__Task__:
Could you copy exactly the lines below, beginning at the line with "All Refrigerator and" and stopping after the line with "Charlotte russe black cage heels", with no pictures?

(Saved data entries)

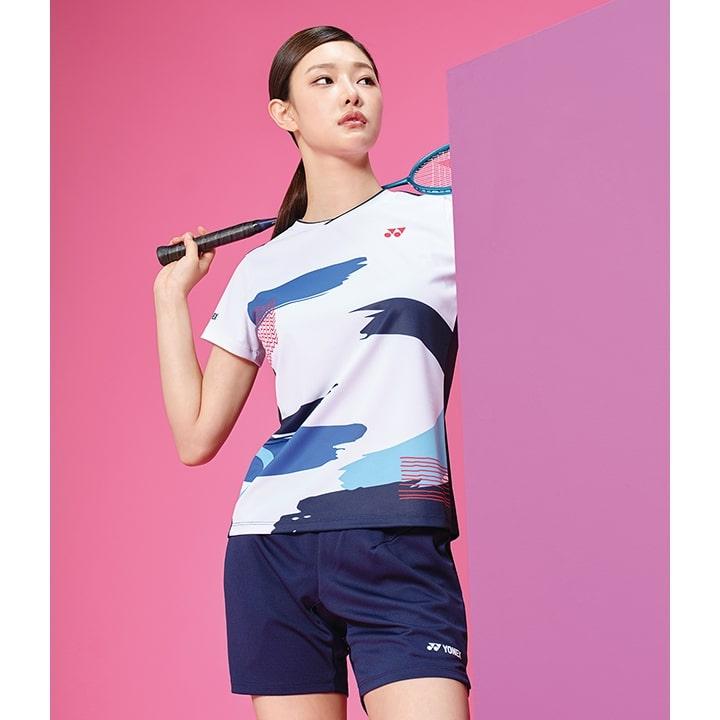 YONEX 233Ts016F Белый Женская Активная Графическая Игровая Одежда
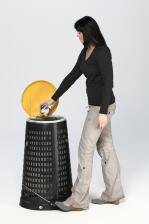 Anwendungsbeispiel: Fußpedalgestänge für Müllsackständer -Cubo Zurina- (Art. 34654)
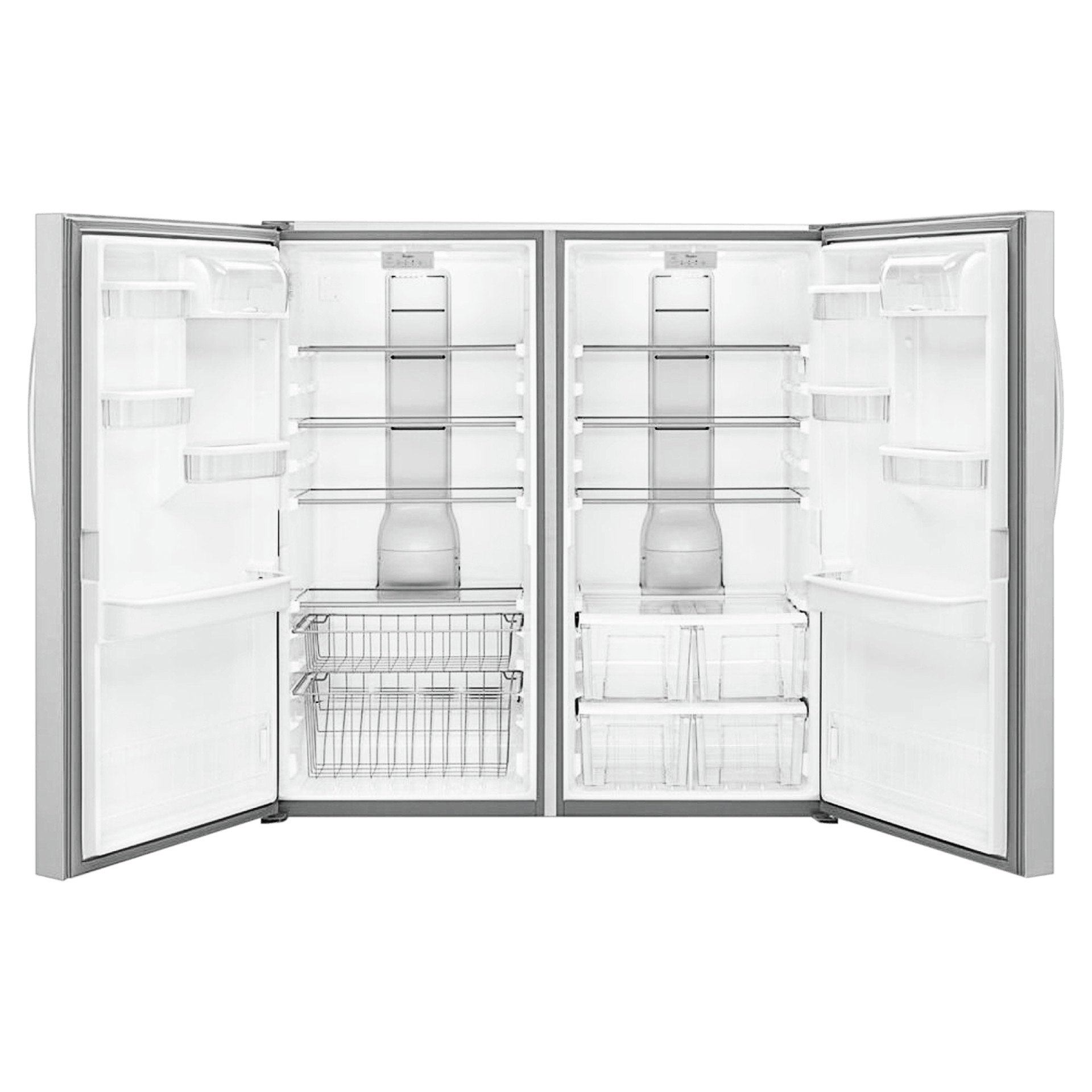 All Refrigerator and Upright Freezer Set Whirlpool *WSZ57L18D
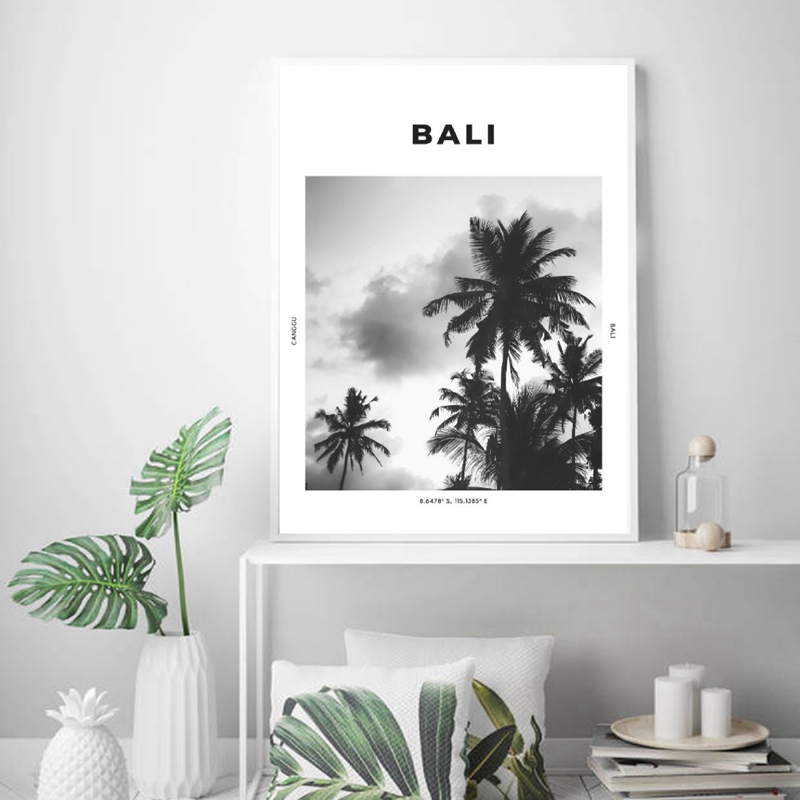 Bali Reizen Afdrukken Zwart Wi - Photography Bali recensie en prijs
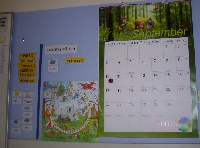 Kalender och schema för fklassen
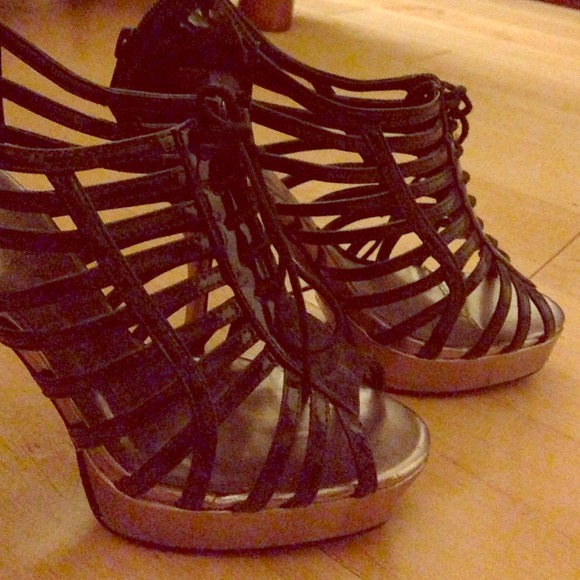 Charlotte russe black cage heels
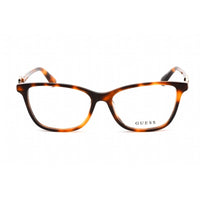 Guess Women's Eyeglasses - Blonde Havana Plastic Square Shape Frame | GU2856-S 053 ,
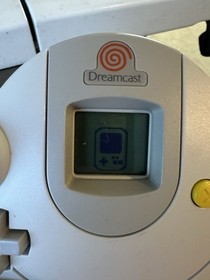 SEGA Dreamcast HKT-3020 Model 1 Games Bundle , 2 Controllers and Memory Card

__Your response__:
 All Refrigerator and Upright Freezer Set Whirlpool *WSZ57L18D
 Bali Reizen Afdrukken Zwart Wi - Photography Bali recensie en prijs
 Kalender och schema för fklassen
 Charlotte russe black cage heels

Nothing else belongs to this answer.